Toby Jones, a Prof. at Rutgers University specializing in Middle East history, tells Paul Jay the Saudis are committed to victory in their rivalry with Iran and use money and sectarian ideology to achieve their geo-political interests.
This is an episode of Reality Asserts Itself, produced January 15, 2014.
STORY TRANSCRIPT
PAUL JAY, SENIOR EDITOR, TRNN: Welcome back to The Real News Network. I’m Paul Jay in Baltimore. And this is Reality Asserts Itself. This is part two of an interview with Professor Toby Jones.
We’re talking about the role of Saudi Arabia in the Middle East and on the globe. You really should watch part one. We talk a little bit about Saudi Arabia’s use of terrorist tactics and their interests and strategy in the Middle East.
Now we’re going to move into some of the more current conflicts that are taking place, starting with Syria. But it seems to me that Syria is the tip of an iceberg of what’s to come. There are a lot of forces that seem to want an all-out, quote-unquote, Sunni-Shia war. I say quote-unquote ’cause there’s a lot more at stake here or a lot more driving this than simply religious and ideological issues.
Now joining us to discuss all of this is Toby Jones.
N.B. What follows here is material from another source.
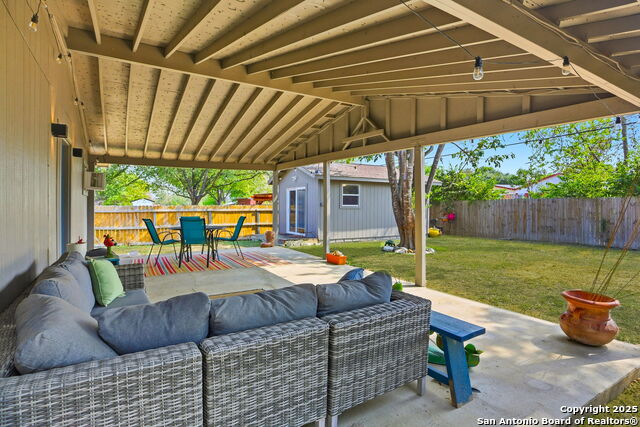 Image 24 of 39 For 434 Millwood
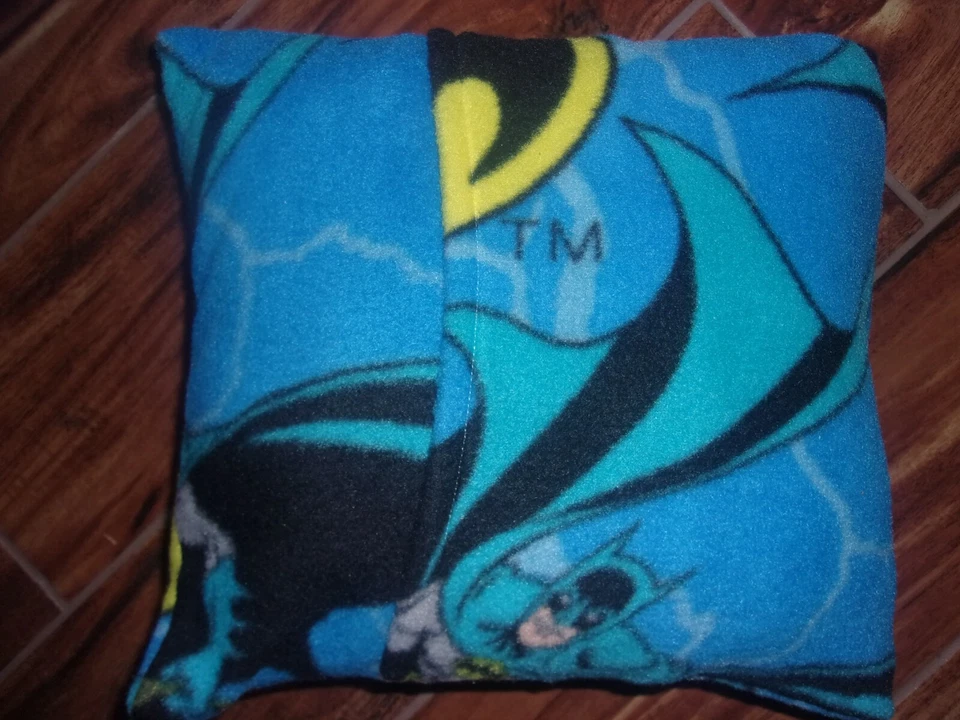 BATMAN SUAVE-BEBÉ-MANTA-FLEECE-CROCHET-BORDE-Y FUNDA DE ALMOHADA Foto 4 de 4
He’s an associate professor of history at Rutgers University. He specializes in the Middle East. And he’s the author of Desert Kingdom: How Oil and Water Forged Modern Saudi Arabia.
Thanks for joining us again, Toby.
TOBY JONES, ASST. PROF. HISTORY, RUTGERS UNIVERSITY: Good to be back with you.
JAY: So the gates of Hell have kind of opened up some in Syria. Tens of thousands of people have died, hundreds and hundreds of thousands of people are refugees. The Sunni–quote-unquote (I have to keep doing that), Shia-Sunni war in Iraq seems to be back, heading towards full speed.
And at the heart of much of this are the Saudis. The Saudis are funding all various sides of the opposition. I think they claim not to be funding the directly al-Qaeda linked forces, but I think most observers think they are. And those weapons are, either by intent or not, heading into Iraq and are being used in places like Falluja and Anbar province.
The Saudis seem to think–and this is what most analysts say–that this rivalry with Iran is something that they are going to win, and they’re going to fight it out. And I’ve seen language, as I’ve mentioned in part one, a vile kind of language, depicting: how dare these Persians dare have influence in the Arab world? As we talked about in part one, Iran, and now with Iraq being under Iranian influence, a major oil and natural gas rival and so on, are the Saudis ready, willing? And are they helping fire a Sunni-Shia civil war on a broad basis throughout this region?
JONES: Well, they absolutely are. They’ve committed themselves to a path to victory, as you mentioned, in Syria. They’re not interested in a negotiated settlement. And, you know, the Saudis have money and the ability to move in the weapons. Ideologically, they don’t have a deep playbook. They have to support Islamists, at least the militant networks that we’ve talked about, at least generally. Those are the only networks that are going to willingly work with the Saudis.
And part of the reason is that the Saudis have–you know, they have an interest and they have a set of objectives in Syria which they believe will serve them well, and that’s to at least weaken, stranglehold Assad’s regime, weaken it to the extent that it can no longer effectively represent the interests of Iran; also, to achieve a kind of symbolic victory by taking out one of Iran’s major Arab rivals. Even if they don’t restore it or bring it within the Saudi camp, I think the Saudis would be quite content to have a divided crisis-gripped Syrian country with lots of suffering all around if it means that the Iranians can’t benefit.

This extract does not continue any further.